Hat schon mal jemand das Quantum World Champion Rod Pod in der Hand gehabt?? Das sieht mir aber verdammt nach Sniper aus(was ja nicht schlecht sein muss).
http://www.monstertackle24.de/monst...=1320&osCsid=163071b1359821cac37b9babf923832b


----------



## Pilkman (16. November 2004)

*AW: Fox Sky Pod*

Hähä, ich hab gedacht, jetzt überdenken mal einige ihr Tacklegeprotze und lassen es sachlicher angehen... 

... aber nööö.... wie auf Ansage kommt eine Stimme aus dem Salzburger Land und es geht weiter. Ich denke, passender hätte die sarkastische Kritik von Holger nicht sein können... #6 ... ich sag nur 220 Meter-Marke... 

PS: Ich finds lustig! :q :q :q

@ MrTom

Yupp, das Quantum-Pod sieht wirklich ganz doll verdächtig nach einem Snyper aus. Nur dass die das Problem der hinteren Auflage augenscheinlich bereits schon von Haus aus gelöst zu haben scheinen... ich kenne es aber leider nicht in natura und kann Dir keine praktischen Infos geben.


----------



## Carpcatcher2001 (16. November 2004)

*AW: Fox Sky Pod*

Das mit den 220m würd mich auch mal interessieren, da dürften so mache Brandungs-Spezis neidisch werden...


----------



## dropback (16. November 2004)

*AW: Fox Sky Pod*



			
				Carpcatcher2001 schrieb:
			
		

> Das mit den 220m würd mich auch mal interessieren, da dürften so mache Brandungs-Spezis neidisch werden...


Vielleicht meint er ja auch 73,33 Meter pro Rute, dann passts wieder:q :q :q 
P.S. In Frankreich hab ich schon auf 1500 Meter gefischt, ich bin vielleicht ein Teufelskerl:q :g :q


----------



## Merlinrs (16. November 2004)

*AW: Fox Sky Pod*

Quantum World Champion Rod Pod   9,4 Kilo ist mir einfach viel zu schwer. Denn anderen Krempel  den man so mitschleppt ist schon schwer genug. 

Aber wer es richtig schwer haben will kann auch zwei Panzersperren nehmen gewicht ca 1 Tonne hält immer selbst einen 20 Meter Fisch geht auch die nächsten 1000 Jahre nicht kaputt.

Am besten in der Normandie angeln liegen genug davon rum


----------



## Geraetefetischist (16. November 2004)

*AW: Fox Sky Pod*

Gut, ich schäme mich zu Boden und ersetze die 80€ Billigstecken durch 500€ Angeberstöcker..
Die kann man übrigens bequem für die Hälfte bauen ohne Qualitätsabstriche.

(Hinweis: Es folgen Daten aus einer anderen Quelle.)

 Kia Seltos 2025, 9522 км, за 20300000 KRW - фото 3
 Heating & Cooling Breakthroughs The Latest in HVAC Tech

Aber wenn man zu blöd zum Ringewickeln ist...

Wieso fallen mir eigentlich gerade soviele Ösiwitze ein?

(Und mein Pappa blabla fängt nur Goldkarpfen ----- Aus echtem Gold!  )

Last mal lieber cm Schätzen, ich tippe auf maximal 9 

Just Monsters
Holger


----------



## Carpcatcher2001 (16. November 2004)

*AW: Fox Sky Pod*



			
				dropback schrieb:
			
		

> Vielleicht meint er ja auch 73,33 Meter pro Rute, dann passts wieder:q :q :q
> P.S. In Frankreich hab ich schon auf 1500 Meter gefischt, ich bin vielleicht ein Teufelskerl:q :g :q



Boooah.... :g  :g 

Ich hab schon fische auf 15m gefangen... :q  :q  :q 

Ab "Richtige" Karpfenangler werfen mindestens 150m... Weil Ufer-Spots eh nix bringen...


----------



## MrTom (16. November 2004)

*AW: Fox Sky Pod*



			
				Merlinrs schrieb:
			
		

> Quantum World Champion Rod Pod   9,4 Kilo ist mir einfach viel zu schwer. Denn anderen Krempel  den man so mitschleppt ist schon schwer genug.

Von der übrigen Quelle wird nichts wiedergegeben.